- ASSIGNMENT
Give the listing again in full and exactly, apart from its pictures.

- DATA SHOWN
-------------------------

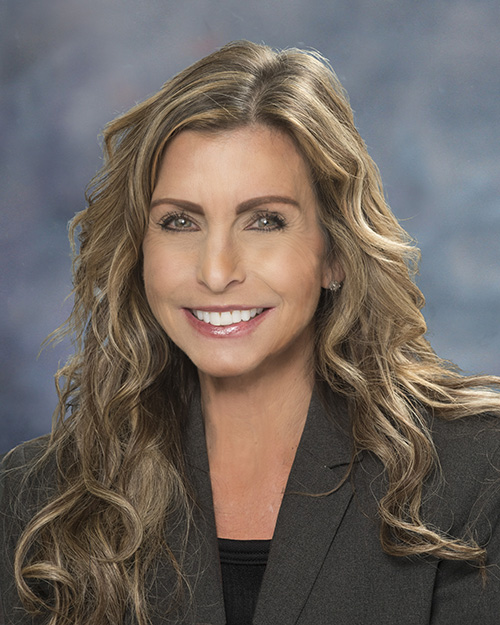 Aimee Gallagher Portrait photo of Aimee Gallagher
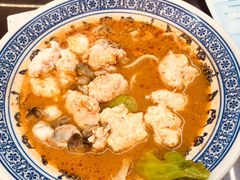 -亚肥沙茶面(黄厝店)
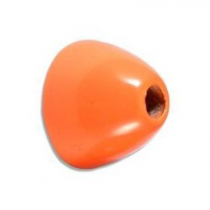 JMC® Casque Stream - Orange - Large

-------------------------

- FINISHED TASK
 Aimee Gallagher Portrait photo of Aimee Gallagher
 -亚肥沙茶面(黄厝店)
 JMC® Casque Stream - Orange - Large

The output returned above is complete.